Let’s review vacation generally in Ontario, and then we will discuss Vacation Pay Audits.

Vacation Pay and Time: What’s the Difference?

Even though we often use the terms interchangeably, vacation pay and vacation time are distinct and separate in Ontario. Employers must understand the difference between the entitlement to vacation time and pay to ensure legal and contractual compliance.

Vacation Time

Almost all employees in Ontario earn vacation time off. It resets during each “vacation entitlement year” which can match the calendar year or be an alternative vacation entitlement year. Technically, new employees do not receive any vacation time off in their first vacation entitlement year (since they have not earned/accrued it). But an employer can allow an employee to take vacation time off before it has been fully accrued in the previous year. 

For eligible employees, they are entitled to at least 2 weeks of vacation time per year; after completing five years of employment, the minimum amount of vacation is 3 weeks per year. An employment contract can contain a greater amount of time off.

A “week” means one week for that employee; it could be a standard 40-hour work week, or it could be 3 hours (every employee is unique).
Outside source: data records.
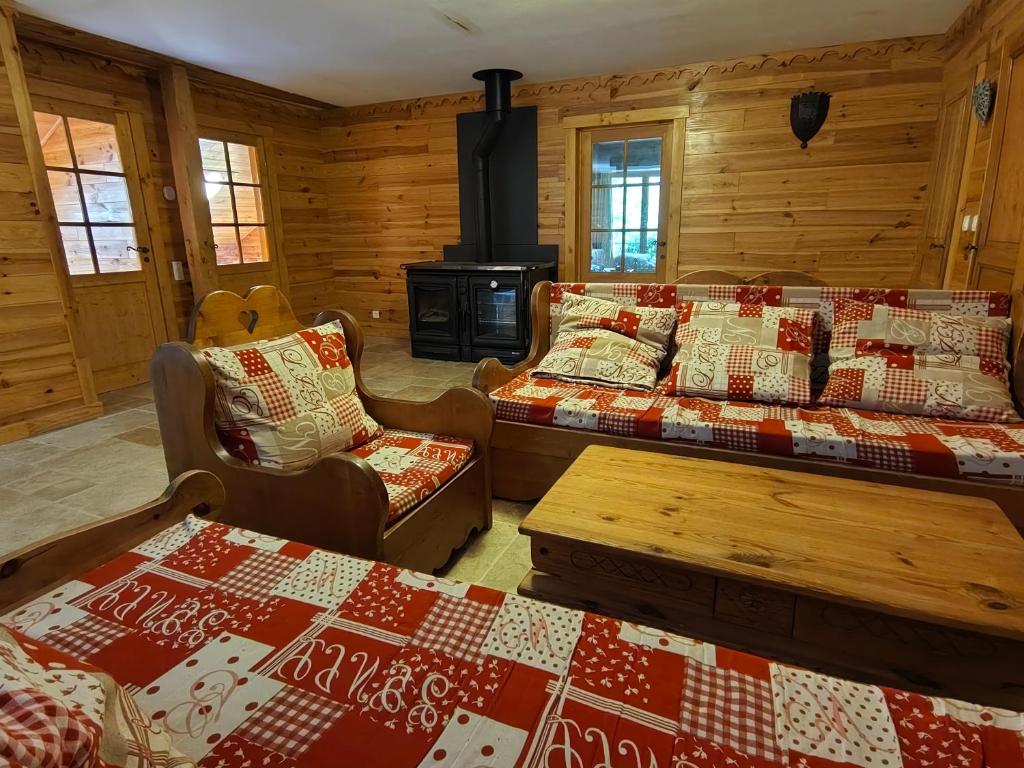 BoulcGîtes au Moulin de Ravel的带沙发和炉灶的客厅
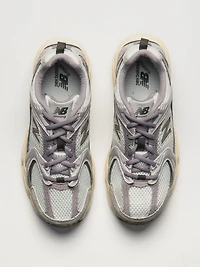 WOMENS NEW BALANCE THE 530 SNEAKER - GREY MATTER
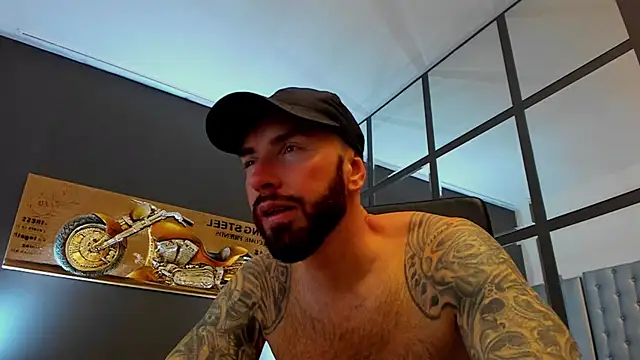 AronGrant online show from April 15, 2026, 8:53 am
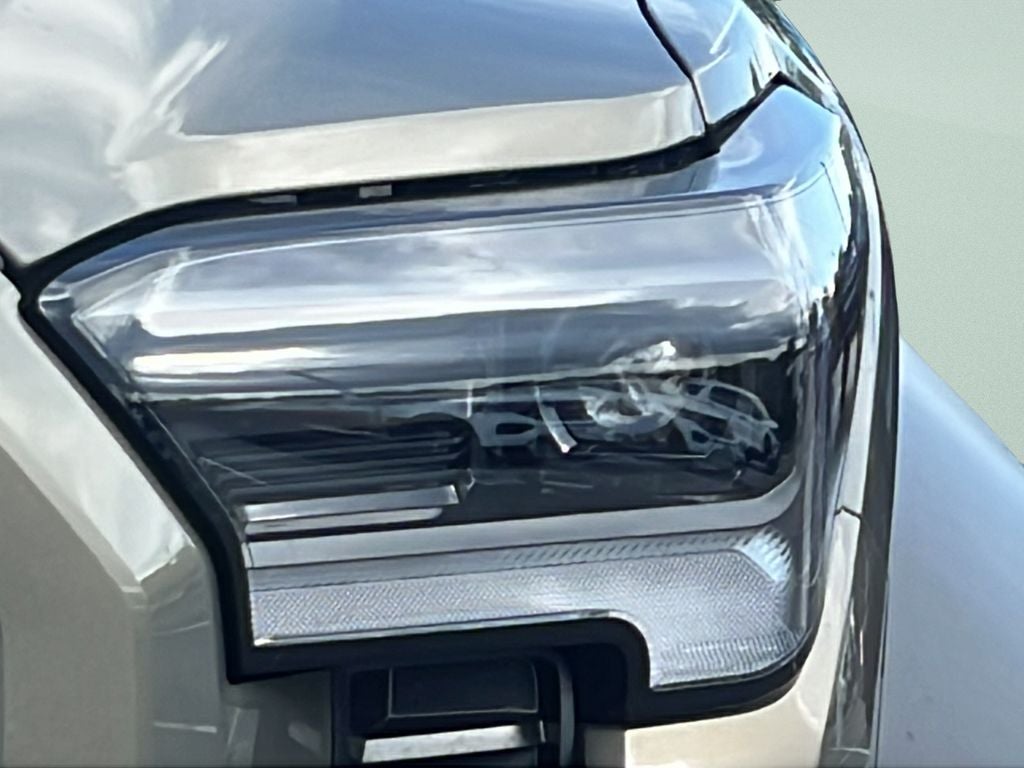 2026 Toyota Tacoma i-FORCE MAX Tacoma Trailhunter
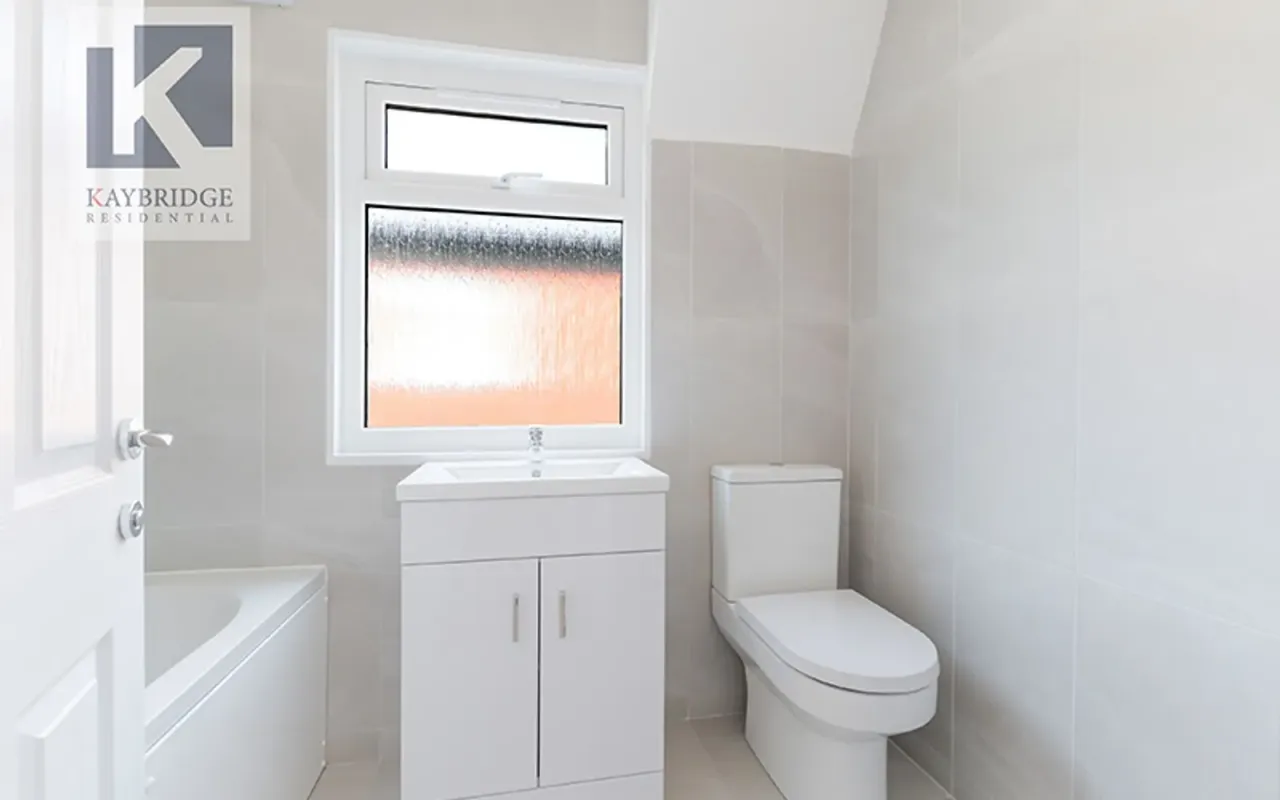 Briarwood Road, Epsom, KT17, photo 11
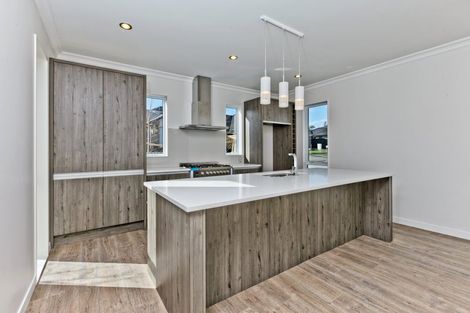 Photo of property in 10 Seafort Lane, Silverdale, 0932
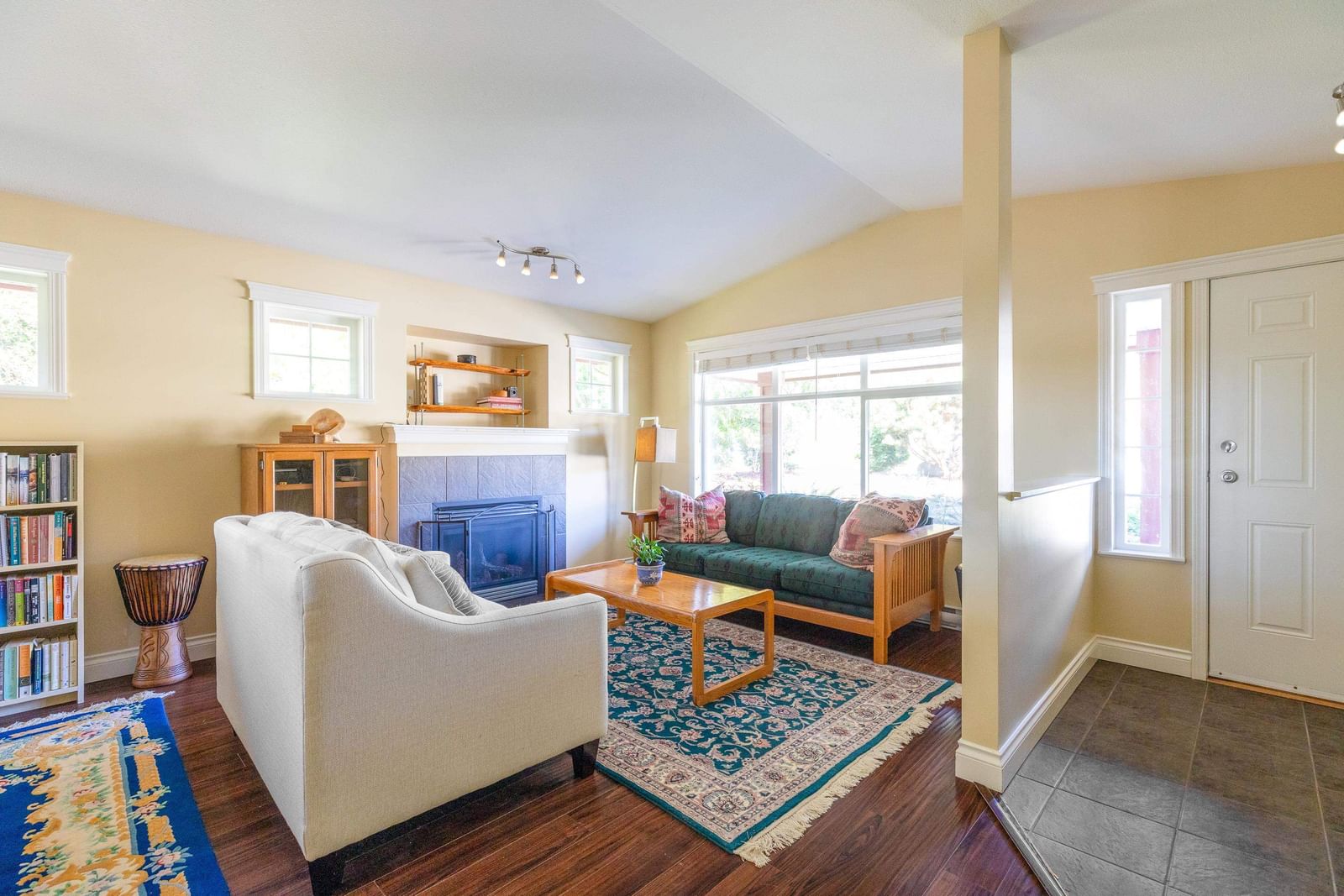 Listing Image 11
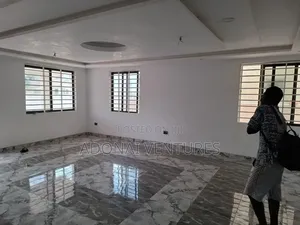 4bdrm House in Ahodwo Daban, Kumasi Metropolitan for sale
But the minimum standards do not require an employer to give a certain amount of days or hours of vacation; the minimums state an employee receives a certain amount of weeks of vacation time off work.

In addition, employers can force employees to take vacation at any point in the year, so long as the employer sets that vacation in blocks of weeks and not any individual days or hours. This equally applies to “unbookable” vacation weeks: an employer can disallow employees to book vacation on certain weeks of the year if the employer so chooses. Generally, all vacation is subject to the employer’s discretion, but the employee must be allowed to take at least their agreed-upon vacation.

Employers and employees can agree to “carry-over” vacation time to a future year, but such carry over should not affect the amount of vacation pay that employee ultimately receives.  The percentage still applies.  The ESA in Ontario technically states that vacation time off expires after 10 months after the end of that vacation entitlement year. In other words, the minimum ESA standard is that an employee uses their 2023 vacation weeks no later than October 31, 2024 (for a standard calendar year vacation entitlement year).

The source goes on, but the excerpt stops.